## About this exercise
With the pictures left out, set down the line containing "Bedroom, Bed in" and each line after it to the end of the material, exactly as written.

[[ The data, beginning ]]

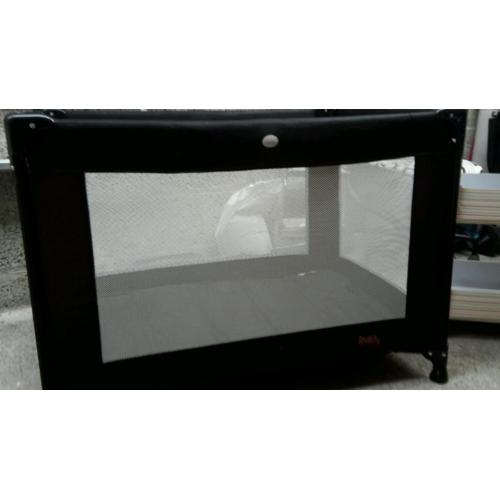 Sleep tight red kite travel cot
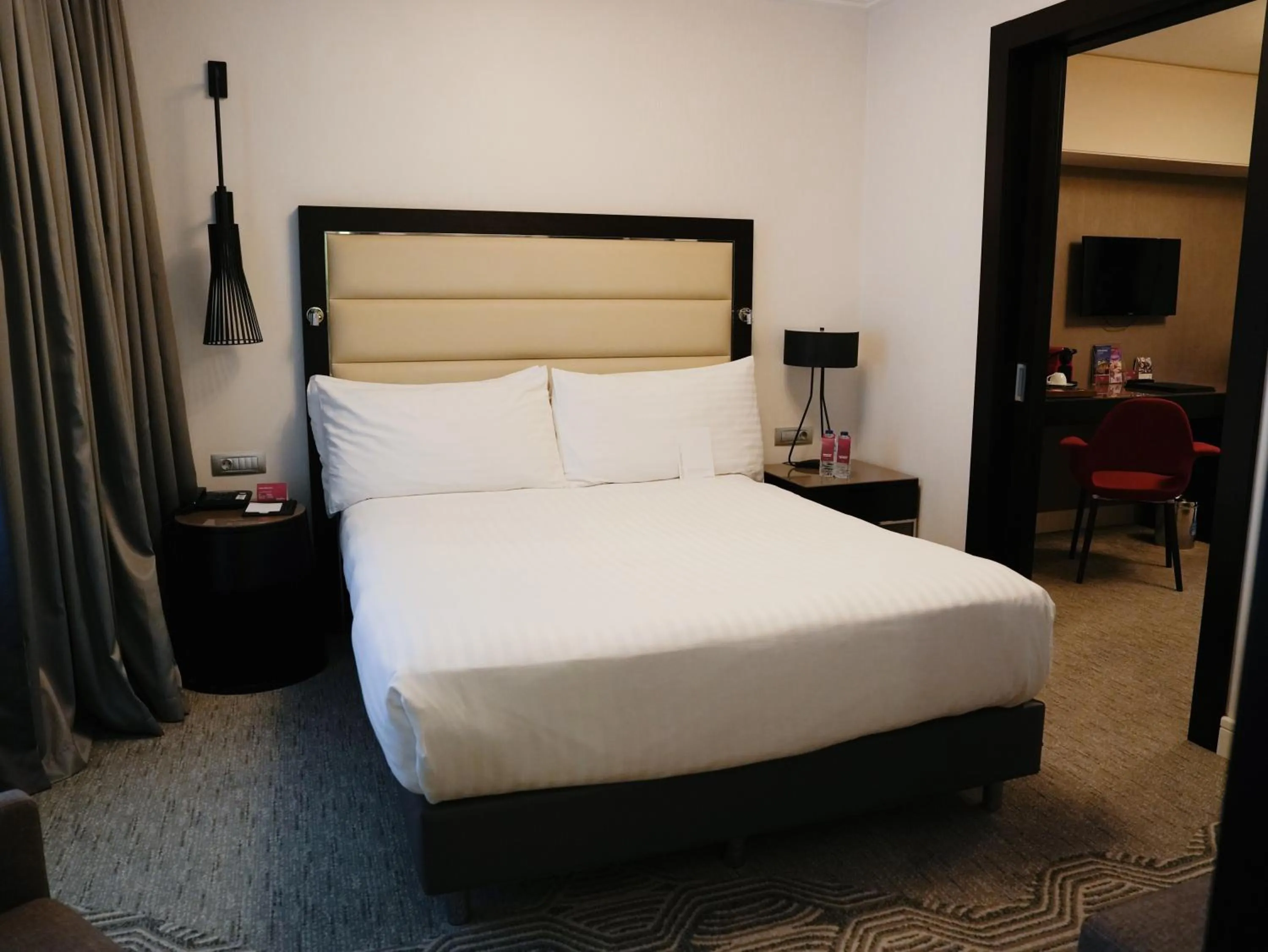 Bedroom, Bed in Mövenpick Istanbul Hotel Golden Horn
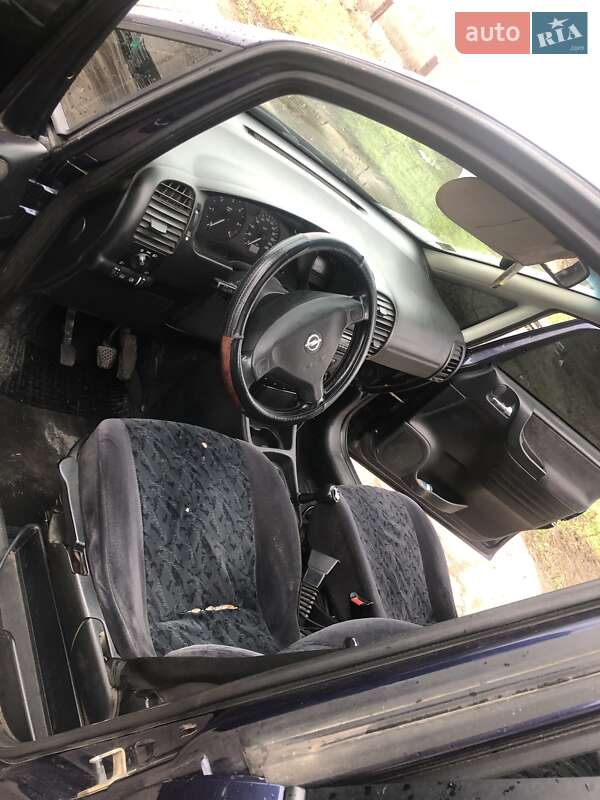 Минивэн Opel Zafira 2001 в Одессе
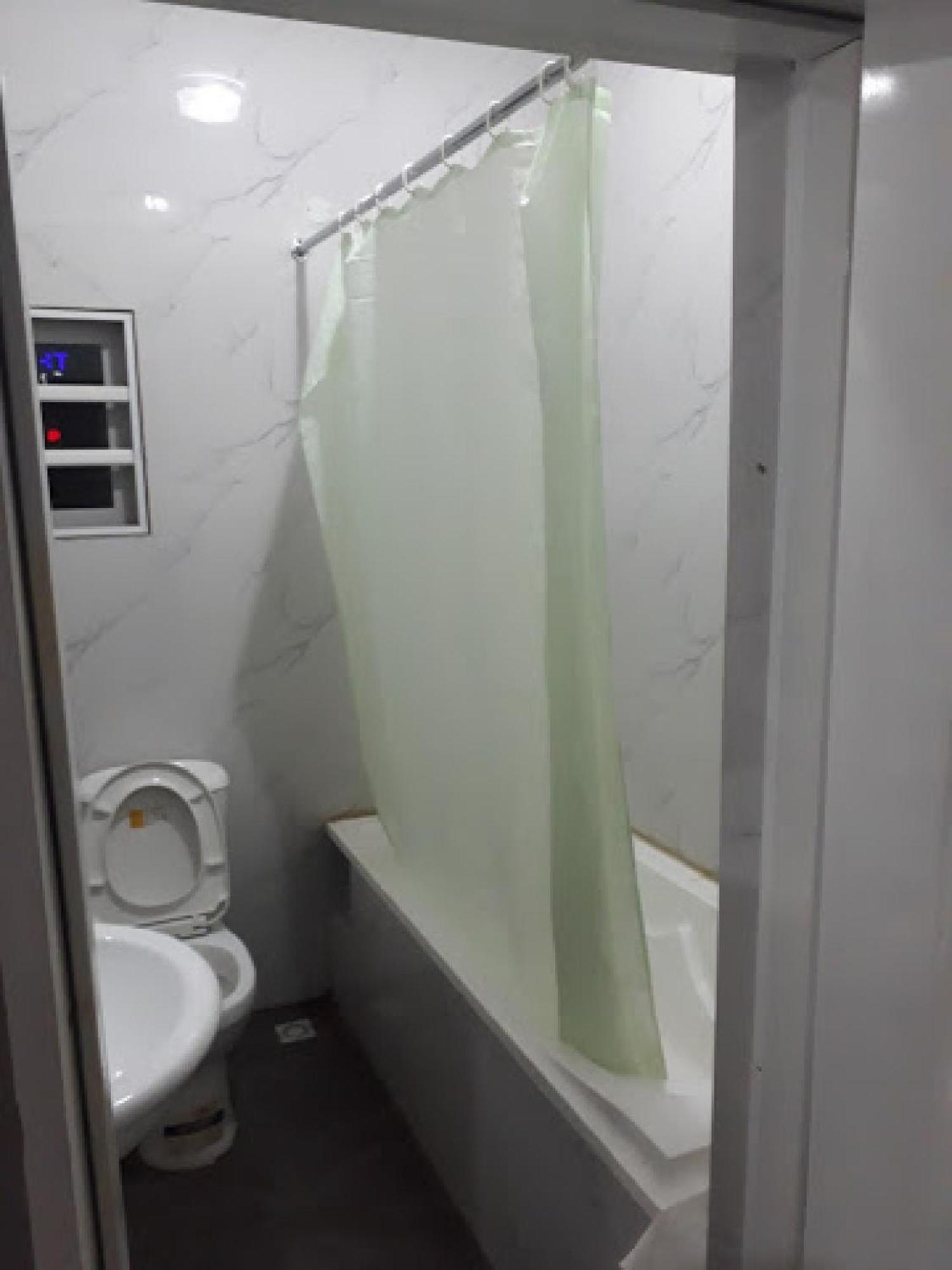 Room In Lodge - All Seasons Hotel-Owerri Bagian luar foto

[[ The data, end ]]

## Exercise response
 Bedroom, Bed in Mövenpick Istanbul Hotel Golden Horn
 Минивэн Opel Zafira 2001 в Одессе
 Room In Lodge - All Seasons Hotel-Owerri Bagian luar foto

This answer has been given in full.